What are your views on the current scenario of the Indian cement industry?
The current market is slightly depressed. However, as cement sales is cyclic in nature, we do not see this trend lasting long. I think the industry will be back on track by September 2013, after the monsoons. The market will regain its pace and the cement industry is expected to grow at the rate of 8 to 10 per cent a year. The per capita consumption of cement in India is far below the global average. This singular factor underlines the tremendous scope of growth in the Indian cement industry, in the medium to long term.
How do you assess your financial performance so far?
It is too early to comment on the financial performance as we have not yet completed one full year of production and sales. All of this takes time to settle down because we started the commercial production only in July 2012. So normally, it takes about eight to nine months to settle down to full capacity. Hopefully the next quarter may be good for us. However, let me confidently say that our per metric tonne of NCR realisation is comparable with the best in the industry.
How many plants does the company have and where do you source coal and steel from?
We have only one plant located in the district of Maiher, in Madhya Pradesh. We are currently concentrating on central Indian markets, as these are our natural markets. Our share of the market can be fairly assessed once we fully cover the natural markets/geographical areas. We also have an iron ore mines in Orissa, which is the largest in the state. We also have a steel plant in Satna. Thus, we source steel from our plant. And the coal we get from South Eastern Coalfield and we have applied for linkage which is likely to be cleared shortly. Then, once we get the linkage, we will have no problem. Right now, we are using the coal from South Eastern Coalfield and recently, we imported coal from South Africa.
How energy-efficient is your plant at Maiher?
Well, we have one of the most modern plants in the country today. We have FLS Pyro shipped from Denmark. Our grinding system, Loesche, is from Germany. We have used advanced technology in different areas of cement production. The technology we have used is extremely fuel-efficient, most productive and we ensure that the machines are used optimally without any breakdowns.
Could you brief us on your dealer network.
We have a sizable network of about 600 dealers which includes the areas of Madhya Pradesh, UP and Bihar. Since cement is basically logistics business, the farther the distance, the lower the contribution. So we would prefer to consider only the niche markets.
Who are your major clients right now?
Our main focus is on trade sales. Which goes direct to the consumer, I mean building construction, road- making and all that.
Is there any capacity expansion on the anvil?

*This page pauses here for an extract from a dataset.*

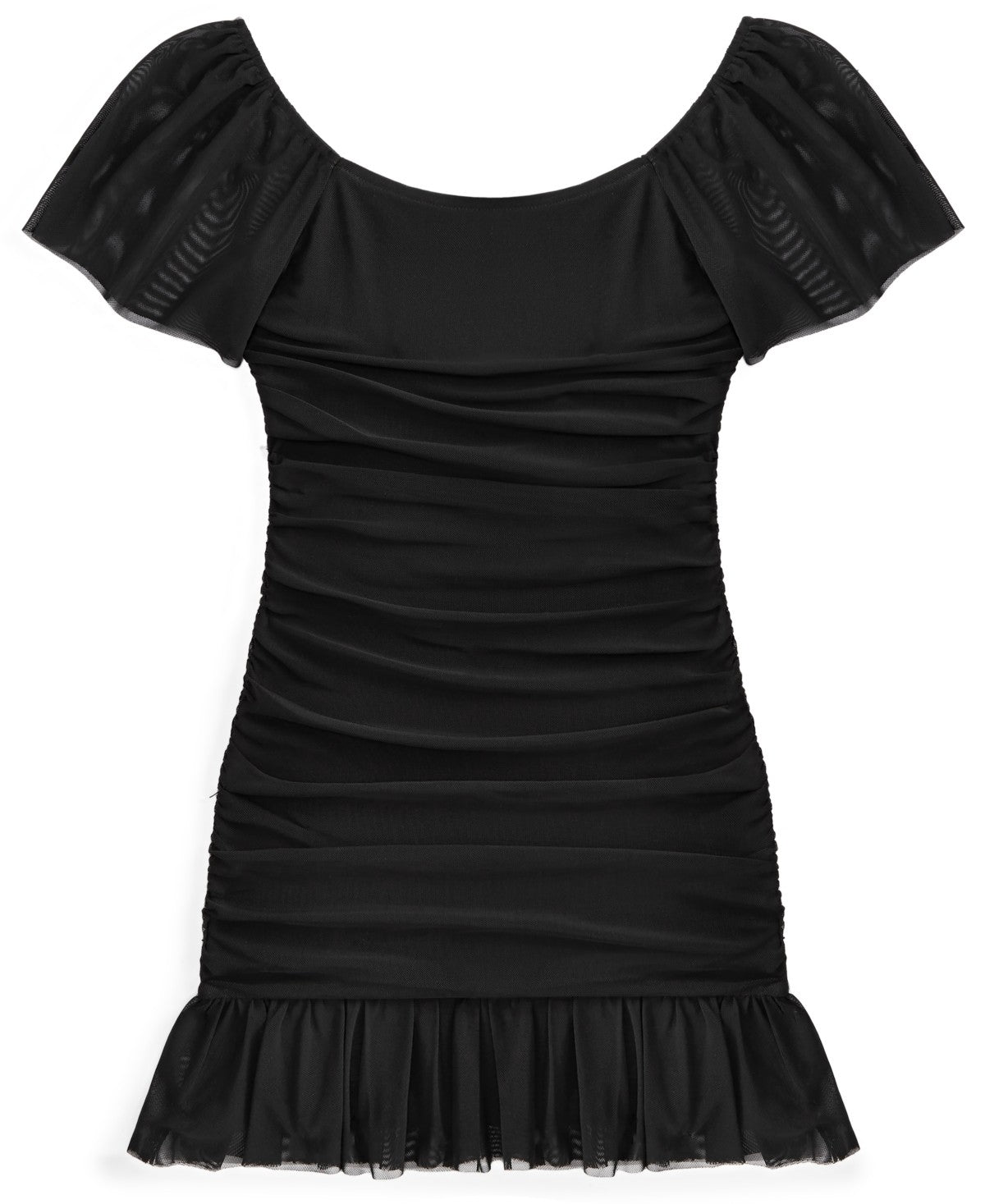 With Jules Ruched Flutter-Sleeve Dress, Black - Size S girl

Not right now as we have sufficient installed capacity to meet the demand. However, we are planning on a captive power plant and also grinding unit.
What are the major challenges faced by the industry?
First of all, taxation is highly skewed for cement; we would like to see a rationalised tax structure. Also I would like to add that the demand-supply scenario is out of sync, yet major players are into augmentation of capacity. The input costs have gone up, the logistic cost is heading high as also the overhead costs. These are having an impact on the industry which is still in consolidation mode. So the growth of the cement industry, as per my understanding, is going to be about 11 to 12 per cent as has been projected by the Planning Commission. And that much I think will be sufficient for the industry to grow.
What support do you require from the government on the policy level?
The excise duty needs to be reduced; this has been a long time demand. The government should also support the industry with a reliable supply of coal. As there is a huge paucity of coal, the ideal solution is to allocate a reasonable share of coal to the cement industry. If the industry receives support from the government on power and energy, the rest all can be taken care of by the industry itself.
How does the company address the logistics issues?
Transportation/logistic cost and also energy costs, are huge costs in the overall production costs. Our endeavour is to constantly work towards the lowering of these costs. Logistics has been the biggest cost for us and we prefer railway logistics over road. Road transport is becoming expensive day by day not only due to increasing costs of diesel but also due to secondary cost because you have to dump your material into the godowns and again load and unload it, for which you need 300-400 trucks. Availability of the same is an issue. While using the railways, you carry the 3,000-3,500 tonne at a go.
Are there any takeovers on the cards?
We are open to that. But right now our focus is on onsolidation of our core markets.